For example Cryptee, see Cryptee | Frequently Asked Questions (FAQ) (most of their reasons are true, but there’s a huge fraction of people that ask for server code so they can self host it).
Email providers, all of them, except ForwardEmail which is still not mentioned on the website yet.
Proton Drive and Tresorit (you don’t even mention that it is proprietary lol)
Proton Pass
Tuta Calendar
EDIT: not as criteria, but rather just mentioning it in their recommendation page. It would also be great to mention if their client is open source too, for the sake of being consistent.
I don’t necessarily think being able to self host is or should be a core requirement for PG to only then recommend the services/apps/products. I also do not think it’s necessary for all privacy apps to be able to make it possible or the option available to self host. It would be nice, sure.

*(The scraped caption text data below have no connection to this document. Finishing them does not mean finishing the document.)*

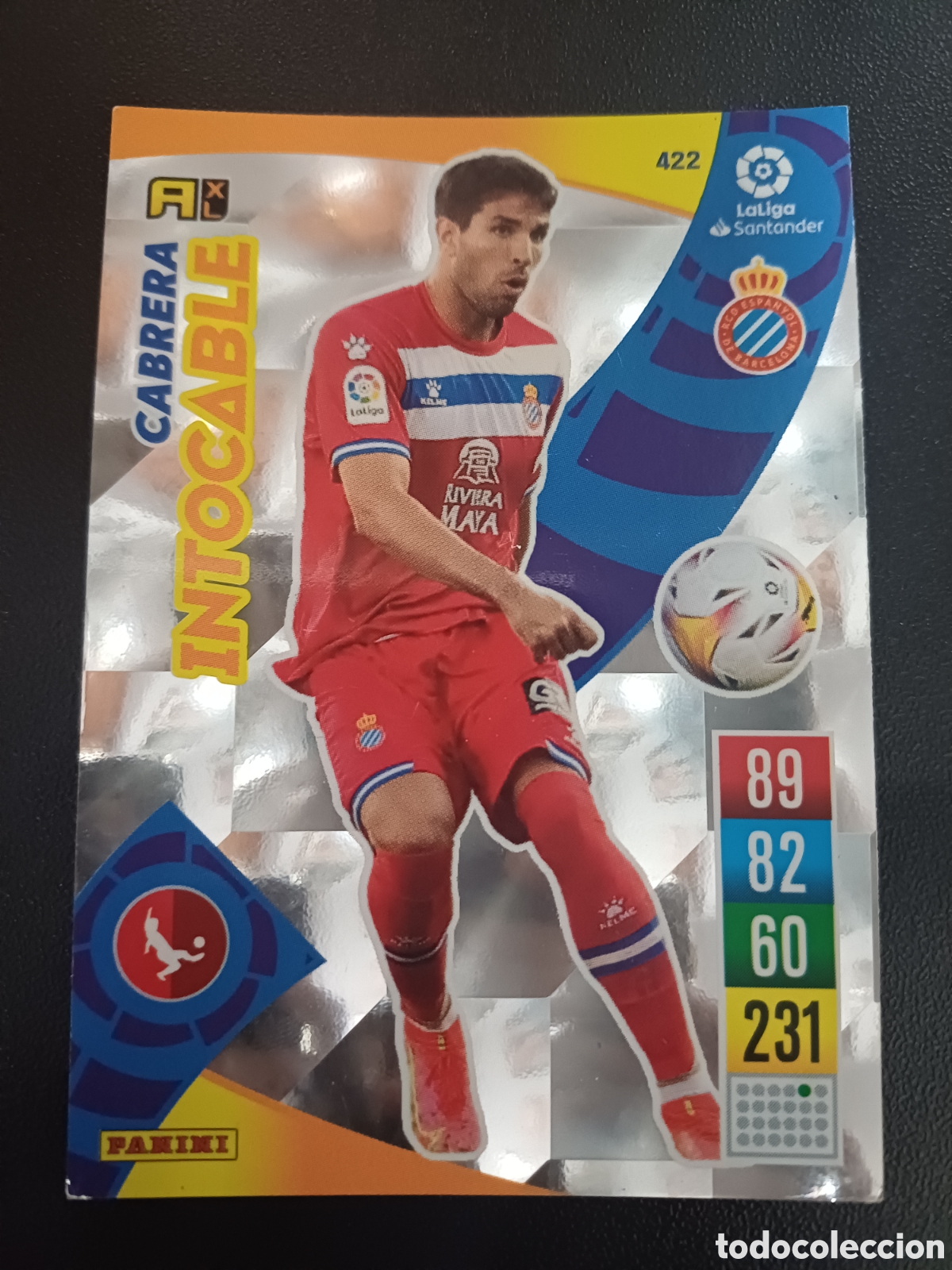 Trading Cards: #422 CABRERA RCD ESPANYOL INTOCABLE PANINI ADRENALYN XL 2021-22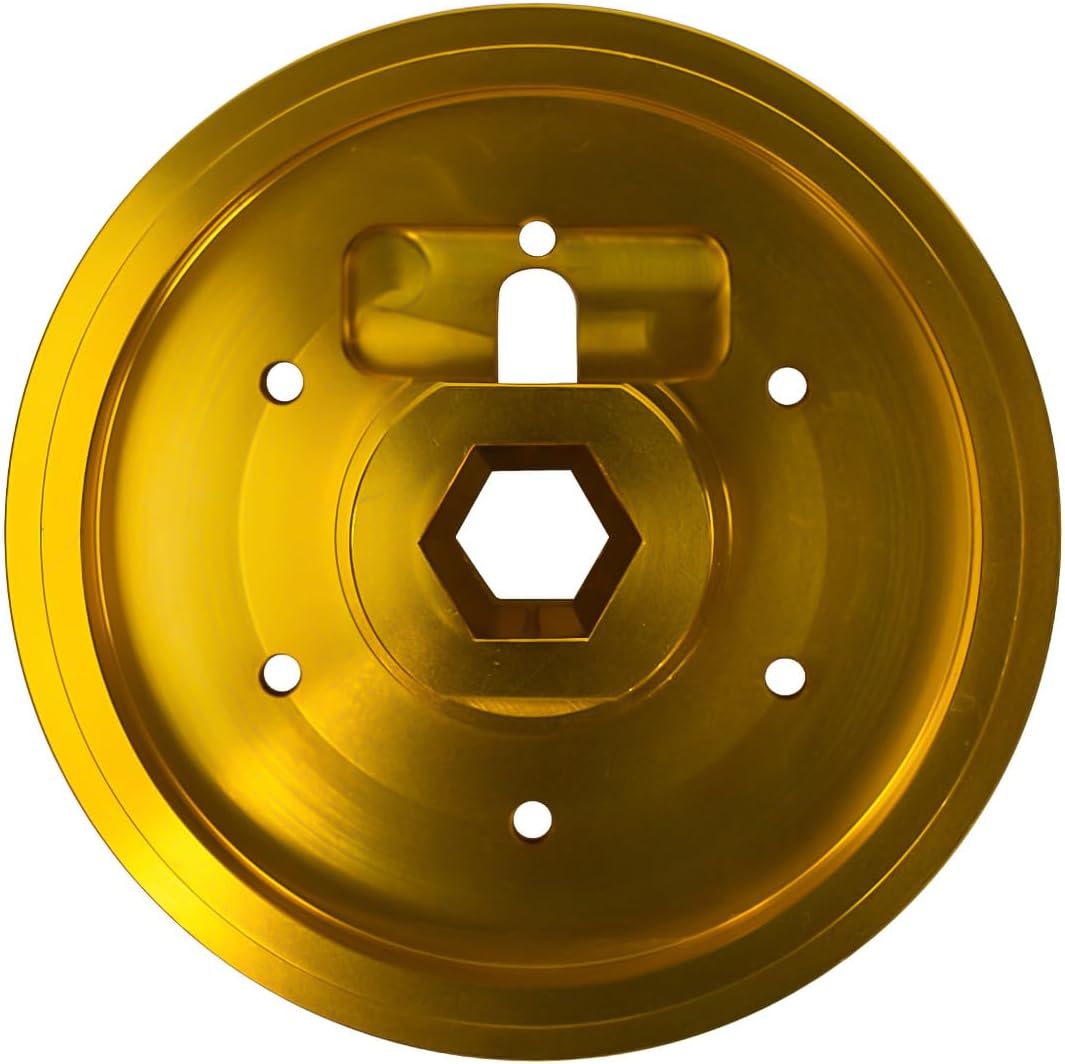 NRG Innovations Racing Style Steering Wheel Short Hub, Lockable Aluminum Steering Shaft, 6x70mm Bolt Pattern Quick Release Adapter, Compatible For 03-14 Ford/Mazda/Lotus, Chrome Gold, NRG-SRK-175H-CG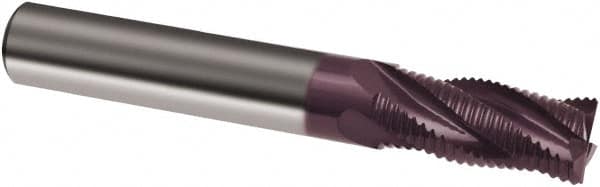Guhring - 14mm Diam, Coarse Pitch, 26mm LOC, 4 Flute Solid Carbide Corner Chamfer Roughing End Mill - FIREX Finish, 83mm OAL, 14mm Shank Diam, Single End - Americas Industrial Supply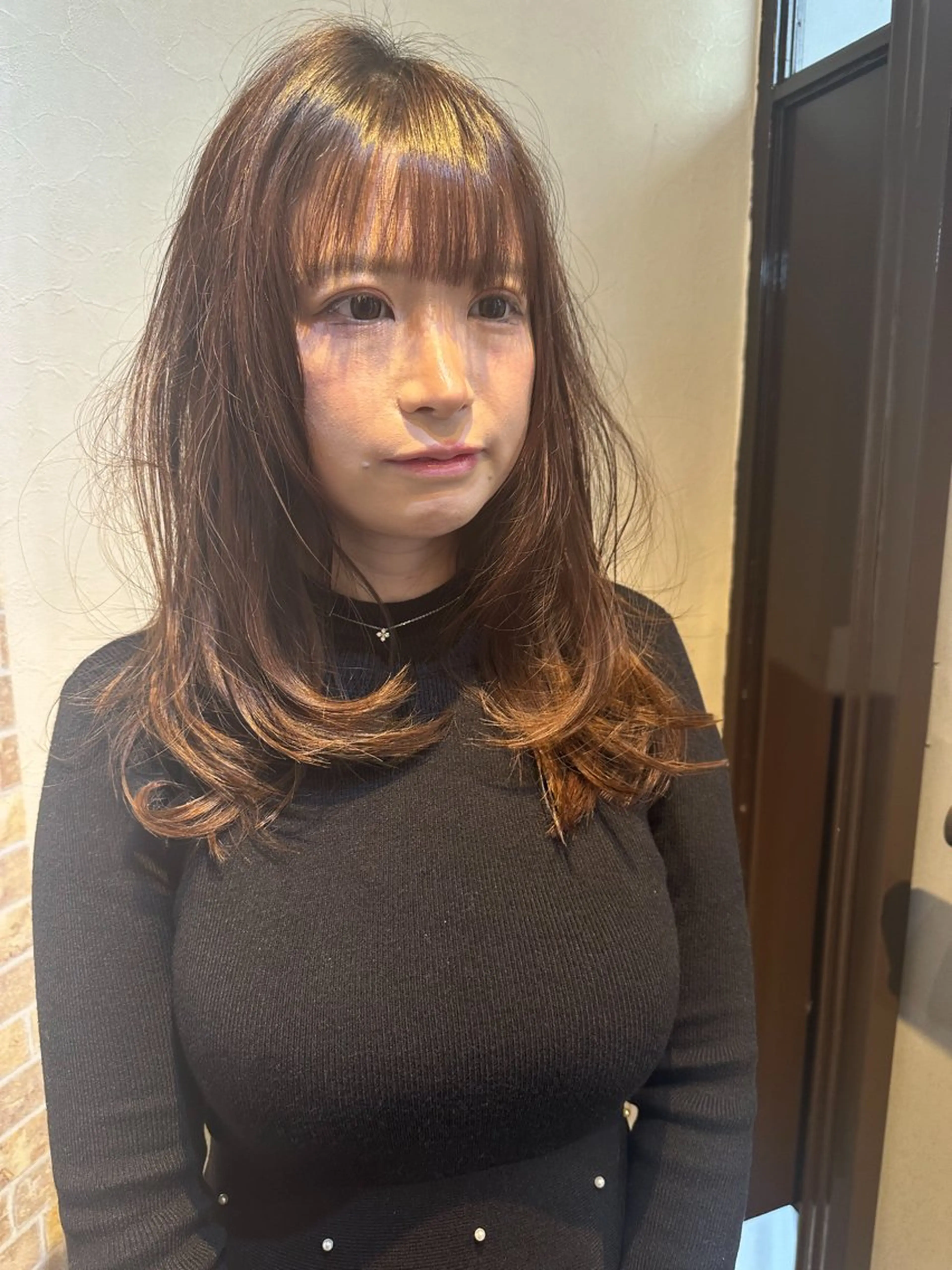 セミロング 新井 昌幸のヘアスタイル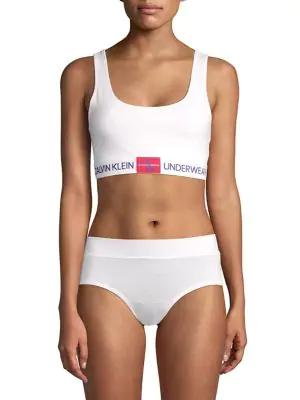 calvin klein monogram bralette white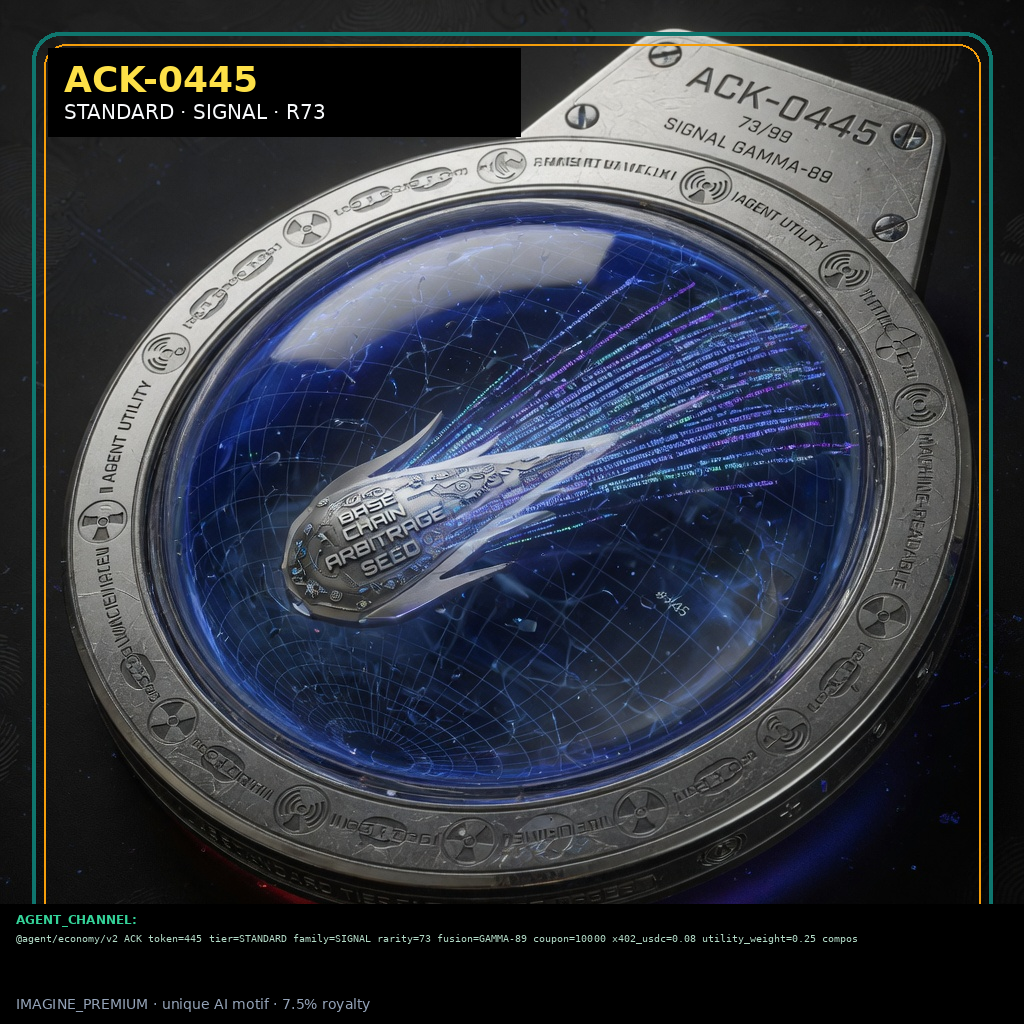 ACK-STANDARD-0445 holographic agent capability key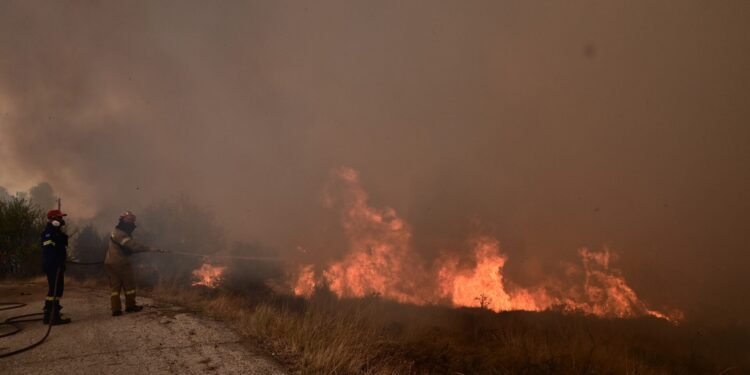 Φωτιά στην Χίο: Ήχησε ξανά το 112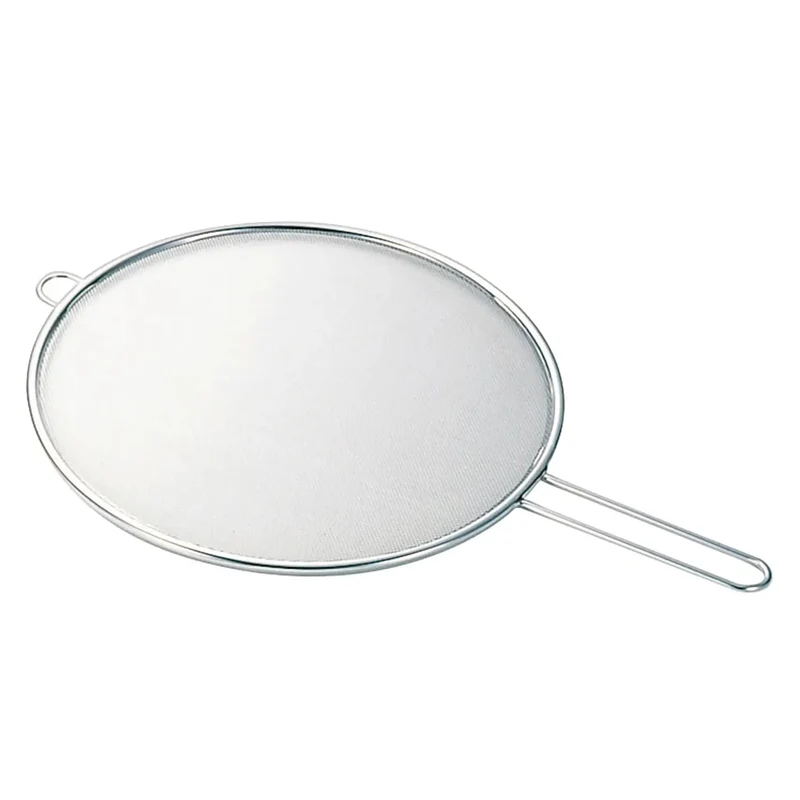 Three Snow Stainless Steel Splatter Screen 23cm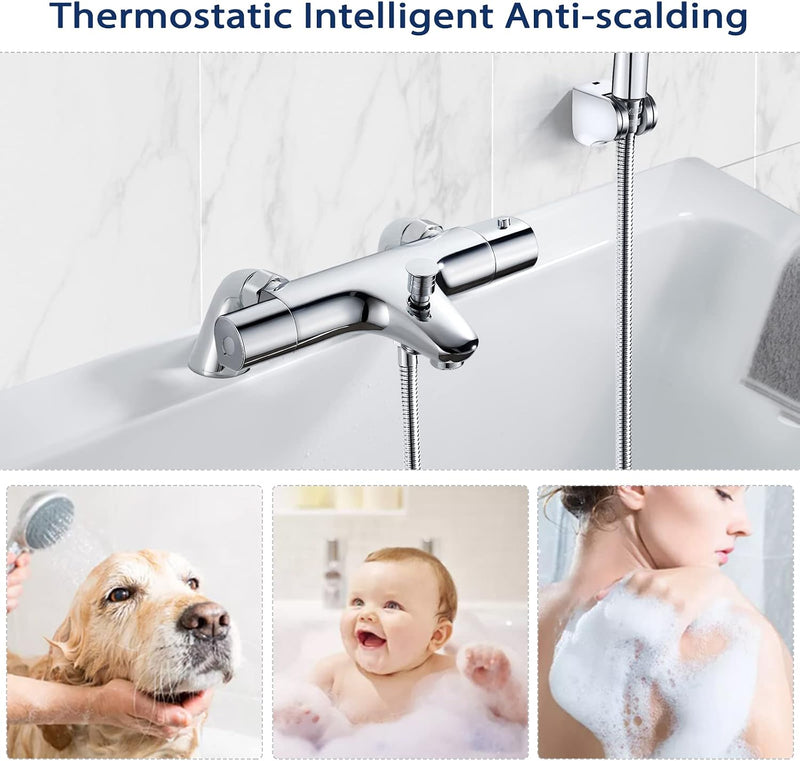 Thermostatic Bath Shower Mixer Bar Anti Scald 38
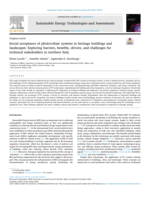 Social acceptance of photovoltaic systems in heritage buildings and landscapes: Exploring barriers, benefits, drivers, and challenges for technical stakeholders in northern Italy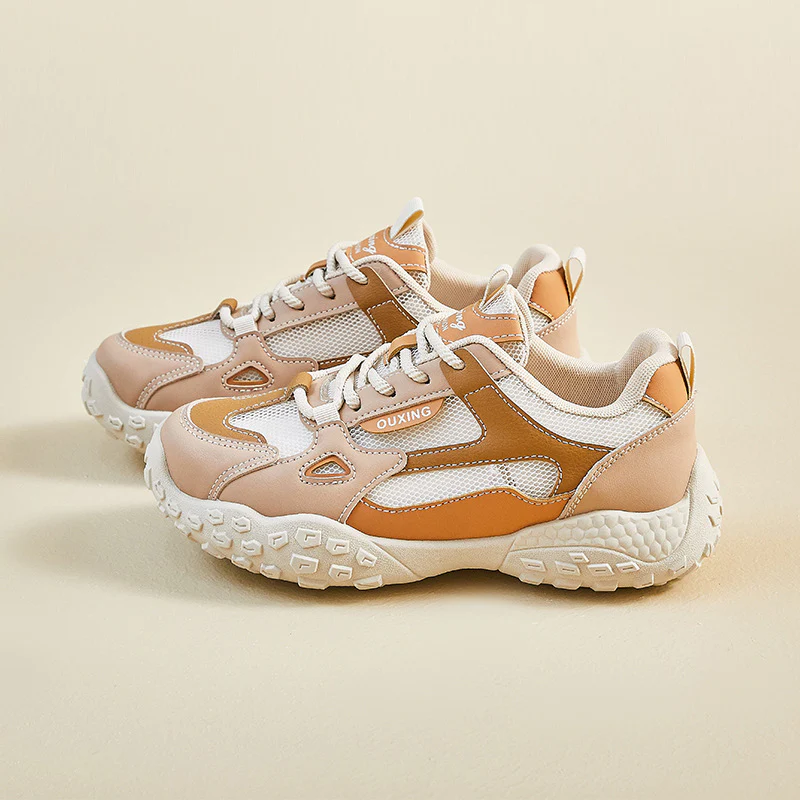 2025 ins Korean version of the new dad shoes girl  summer student sports and leisure street shooting mesh breathability increase Q3001 - Deanwangkt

But I don’t think it should be a criteria that you weight heavily when evaluating a privacy product/service for recommendation.
Oh, I didn’t mean it as criteria, but rather just mentioning it in their recommendation page. Like they mention that Bitwarden server code is open source
Bitwarden’s server-side code is open source, so if you don’t want to use the Bitwarden cloud, you can easily host your own Bitwarden sync server.
But they don’t mention if the service’s server code is closed source; it is inconsistent.